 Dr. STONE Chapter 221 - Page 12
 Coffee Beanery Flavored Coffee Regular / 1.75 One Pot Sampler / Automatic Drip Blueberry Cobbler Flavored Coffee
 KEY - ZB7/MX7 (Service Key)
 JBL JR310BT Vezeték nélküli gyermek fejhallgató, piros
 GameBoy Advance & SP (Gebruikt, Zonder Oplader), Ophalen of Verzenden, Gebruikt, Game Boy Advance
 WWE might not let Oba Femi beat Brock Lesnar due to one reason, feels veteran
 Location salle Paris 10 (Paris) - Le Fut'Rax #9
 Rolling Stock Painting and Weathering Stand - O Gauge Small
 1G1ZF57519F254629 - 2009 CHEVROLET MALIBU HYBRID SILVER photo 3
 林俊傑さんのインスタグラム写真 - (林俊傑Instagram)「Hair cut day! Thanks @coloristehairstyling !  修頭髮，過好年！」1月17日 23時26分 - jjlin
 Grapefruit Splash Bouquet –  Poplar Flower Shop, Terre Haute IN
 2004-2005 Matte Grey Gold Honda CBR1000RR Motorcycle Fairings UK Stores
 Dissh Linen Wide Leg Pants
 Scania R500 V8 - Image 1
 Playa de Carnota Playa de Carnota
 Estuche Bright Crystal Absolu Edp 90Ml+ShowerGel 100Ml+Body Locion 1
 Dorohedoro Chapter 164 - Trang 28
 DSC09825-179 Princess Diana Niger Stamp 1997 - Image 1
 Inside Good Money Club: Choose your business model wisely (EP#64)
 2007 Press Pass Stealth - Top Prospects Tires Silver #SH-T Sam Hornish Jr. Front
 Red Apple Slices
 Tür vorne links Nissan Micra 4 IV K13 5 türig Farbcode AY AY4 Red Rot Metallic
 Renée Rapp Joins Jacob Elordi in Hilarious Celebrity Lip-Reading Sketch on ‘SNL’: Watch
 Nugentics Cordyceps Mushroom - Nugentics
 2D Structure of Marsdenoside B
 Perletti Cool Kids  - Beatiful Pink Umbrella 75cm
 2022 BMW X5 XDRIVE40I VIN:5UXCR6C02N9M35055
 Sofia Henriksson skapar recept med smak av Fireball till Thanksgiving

★ ★ ★ ★ ★ ★ ★

**Problem details**
Each line from the one that contains "Inside Good Money" through the end of the records must be repeated exactly. No other line belongs in the answer.

**Response for this exercise**
 Inside Good Money Club: Choose your business model wisely (EP#64)
 2007 Press Pass Stealth - Top Prospects Tires Silver #SH-T Sam Hornish Jr. Front
 Red Apple Slices
 Tür vorne links Nissan Micra 4 IV K13 5 türig Farbcode AY AY4 Red Rot Metallic
 Renée Rapp Joins Jacob Elordi in Hilarious Celebrity Lip-Reading Sketch on ‘SNL’: Watch
 Nugentics Cordyceps Mushroom - Nugentics
 2D Structure of Marsdenoside B
 Perletti Cool Kids  - Beatiful Pink Umbrella 75cm
 2022 BMW X5 XDRIVE40I VIN:5UXCR6C02N9M35055
 Sofia Henriksson skapar recept med smak av Fireball till Thanksgiving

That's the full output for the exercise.